A cybercriminal group linked to RansomHub ransomware has been spotted using a new tool designed to shut down endpoint detection and response (EDR) software on compromised hosts, joining other similar programs such as AuKill (aka AvNeutralizer) and Terminator.
The EDR kill utility was named EDRKillShifter by cybersecurity firm Sophos, which discovered the tool in connection with a botched ransomware attack in May 2024.
“The EDRKillShifter tool is a ‘bootloader’ executable – a delivery mechanism for a legitimate exploitable driver (also known as a ‘bring your own vulnerable driver’ or BEUDtool),” security researcher Andreas Klopsch said. “Depending on the threat actor’s requirements, it can deliver different driver payloads.”
RansomHuban alleged rebrand of Knight ransomware appeared in February 2024 that exploits known security flaws to gain initial access and remove legitimate remote desktop software such as Atera and Splashtop for permanent access.
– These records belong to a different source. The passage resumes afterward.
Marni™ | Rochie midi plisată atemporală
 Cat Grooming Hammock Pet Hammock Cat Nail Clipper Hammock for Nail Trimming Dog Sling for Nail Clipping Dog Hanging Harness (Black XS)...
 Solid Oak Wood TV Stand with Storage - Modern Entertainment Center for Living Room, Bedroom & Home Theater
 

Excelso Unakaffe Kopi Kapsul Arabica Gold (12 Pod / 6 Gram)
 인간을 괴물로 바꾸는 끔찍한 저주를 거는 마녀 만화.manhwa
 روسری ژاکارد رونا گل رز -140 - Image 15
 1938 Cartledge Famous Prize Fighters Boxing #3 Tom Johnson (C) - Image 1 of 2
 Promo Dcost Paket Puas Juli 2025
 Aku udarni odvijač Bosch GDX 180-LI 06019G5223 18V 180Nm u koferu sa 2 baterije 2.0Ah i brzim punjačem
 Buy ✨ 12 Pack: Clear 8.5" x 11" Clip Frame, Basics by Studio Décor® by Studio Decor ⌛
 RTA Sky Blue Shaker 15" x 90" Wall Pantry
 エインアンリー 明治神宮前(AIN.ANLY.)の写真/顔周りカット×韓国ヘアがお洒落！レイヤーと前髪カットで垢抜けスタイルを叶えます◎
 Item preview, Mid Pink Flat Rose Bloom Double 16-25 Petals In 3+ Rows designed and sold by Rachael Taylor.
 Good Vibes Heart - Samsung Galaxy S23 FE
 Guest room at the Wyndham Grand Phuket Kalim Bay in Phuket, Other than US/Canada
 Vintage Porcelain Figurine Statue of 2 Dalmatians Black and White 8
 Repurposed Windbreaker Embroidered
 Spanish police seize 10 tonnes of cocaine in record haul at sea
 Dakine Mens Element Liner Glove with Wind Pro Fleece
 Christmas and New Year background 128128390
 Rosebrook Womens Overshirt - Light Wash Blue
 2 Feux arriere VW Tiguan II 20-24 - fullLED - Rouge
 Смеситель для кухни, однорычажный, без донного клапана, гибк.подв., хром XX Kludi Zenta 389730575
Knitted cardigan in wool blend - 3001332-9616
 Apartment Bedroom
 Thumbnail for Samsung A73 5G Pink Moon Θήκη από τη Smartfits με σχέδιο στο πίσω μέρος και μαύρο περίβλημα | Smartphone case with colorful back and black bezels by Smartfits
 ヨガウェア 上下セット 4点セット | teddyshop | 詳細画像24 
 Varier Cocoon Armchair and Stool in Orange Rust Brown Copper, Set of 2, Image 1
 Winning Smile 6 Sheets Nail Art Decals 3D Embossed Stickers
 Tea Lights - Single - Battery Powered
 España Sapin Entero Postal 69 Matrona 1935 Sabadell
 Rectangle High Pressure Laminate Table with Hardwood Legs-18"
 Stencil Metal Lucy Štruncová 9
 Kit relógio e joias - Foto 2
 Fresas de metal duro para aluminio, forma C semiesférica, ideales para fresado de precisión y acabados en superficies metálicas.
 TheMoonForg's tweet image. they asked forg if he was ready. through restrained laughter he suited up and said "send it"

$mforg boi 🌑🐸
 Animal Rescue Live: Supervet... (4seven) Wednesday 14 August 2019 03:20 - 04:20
Last month, Microsoft revealed that the notorious cybercrime syndicate known as Scattered Spider has included ransomware such as RansomHub and Qilin in its arsenal.
Executed via the command line along with entering a password string, the executable decrypts an embedded resource called BIN and executes it in memory. The BIN resource unpacks and runs the latest obfuscated Go-based payload, which then takes advantage of various vulnerable legitimate drivers to gain elevated privileges and disarm the EDR software.
“The language property of the binary file is Russian, which indicates that the malware author compiled the executable on a computer with Russian localization settings,” Klopsch said. “All unpacked EDR killers embed the vulnerable driver in the .data section.”
To reduce the threat, it’s recommended to keep systems up-to-date, enable tamper protection in EDR software, and maintain strict hygiene for Windows security roles.
“This attack is only possible if the attacker escalates the privileges they control or if they can gain administrative rights,” Klopsch said. “Separation between user and administrator privileges can prevent attackers from easily downloading drivers.”